If the largest beneficiary of public good (like the US) does not take the lead in providing disproportionate resources toward its provision, the smaller beneficiaries are unlikely to be able to produce it because of the difficulties of organizing collective action when large numbers are involved. While this responsibility of the largest often lets others become "free riders," the alternative is that the collective bus does not move at all. (And our compensation is that the largest tends to have more control of the steering wheel.)

This puts a different twist on former Secretary of State Madeleine Albright's frequent phrase that the US is "the indispensable nation." We do not get a free ride. To play a leading role in producing public goods, the US will need to invest in both hard power resources and the soft power resources of setting a good example. The latter will require more self-restraint on the part of Congress as well as putting our own house in order in economics, environment, criminal justice and so forth. The rest of the world likes to see the US lead by example, but when America is seen, as with emission standards, to put narrow domestic interests before global needs, respect can easily turn to disappointment and contempt.

Increasing hard power will require an investment of resources in the nonmilitary aspects of foreign affairs, including better intelligence, that Americans have recently been unwilling to make. While Congress has been willing to spend 16 percent of the national budget on defense, the percentage devoted to international affairs has shrunk from 4 percent in the 1960s to just 1 percent today. Our military strength is important, but it is not sixteen times more important than our diplomacy. Over a thousand people work on the staff of the smallest regional military command headquarters, far more than the total assigned to the Americas at the departments of State, Commerce, Treasury and Agriculture.

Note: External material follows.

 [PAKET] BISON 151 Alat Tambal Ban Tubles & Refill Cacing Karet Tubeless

The military rightly plays a role in our diplomacy, but we are investing in our hard power in overly militarized terms.

As Secretary of State Colin Powell has pleaded to Congress, we need to put more resources into the State Department, including its information services and the Agency for International Development (AID), if we are going to get our messages across. A bipartisan report on the situation of the State Department recently warned that "if the 'downward spiral' is not reversed, the prospect of relying on military force to protect US national interests will increase because Washington will be less capable of avoiding, managing or resolving crises through the use of statecraft." Moreover, the abolition of the US Information Agency (which promoted American government views abroad) as a separate entity and its absorption into the State Department reduced the effectiveness of one of our government's important instruments of soft power. It is difficult to be a superpower on the cheap-through military means alone.

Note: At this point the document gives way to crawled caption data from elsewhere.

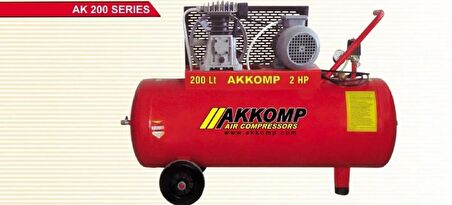 Akkomp Kompresör AK-3800/200LT 380 VOLT 3 HP 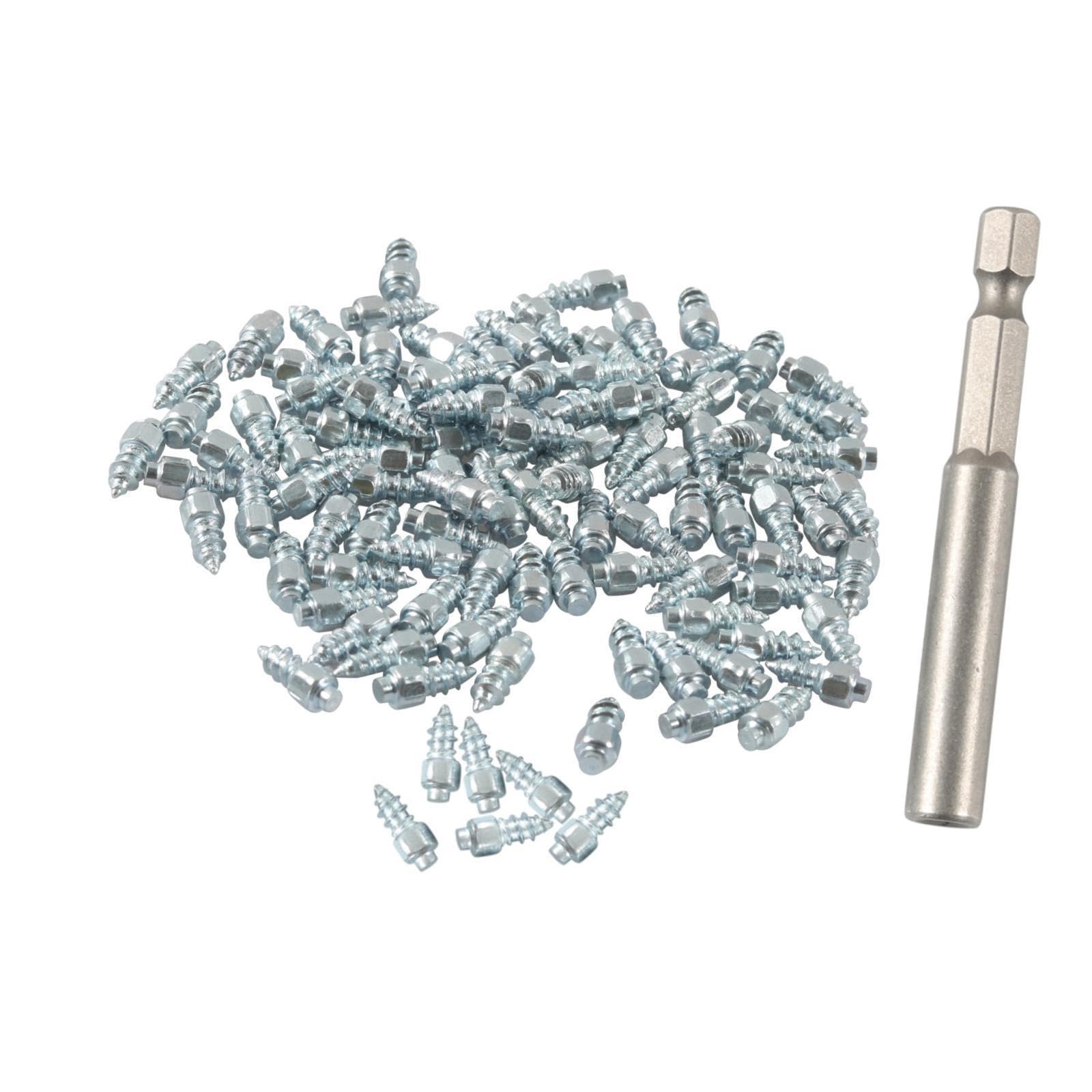 AsrMyjcx 100 Stück Winterreifen Spikes für Autos und Fahrräder, 4x12mm AsrMyjcx 100 Stück Winterreifen Spikes für Autos und Fahrräder, 4x12mm von AsrMyjcx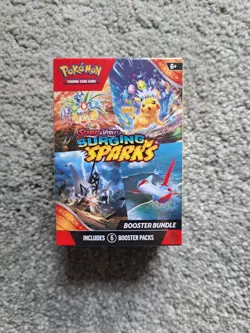 Pokemon TCG Scarlet & Violet Surging Sparks Booster Bundle 6 Packs, New Sealed - Image 2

The British Example | In addition to better means, we need a strategy for their use. Our grand strategy must first ensure our survival, but then it must focus on providing global public goods. We gain doubly from such a strategy: from the public goods themselves, and from the way they legitimize our power in the eyes of others. That means we should give top priority to those aspects of the international system that, if not attended to properly, would have profound effects on the basic international order and therefore on the lives of large numbers of Americans as well as others. The US can learn from the lesson of Great Britain in the 19th century, when it was also a preponderant power. Three public goods that Britain attended to were 1) maintaining the balance of power among the major states in Europe, 2) promoting an open international economic system, and 3) maintaining open international commons such as the freedom of the seas and the suppression of piracy.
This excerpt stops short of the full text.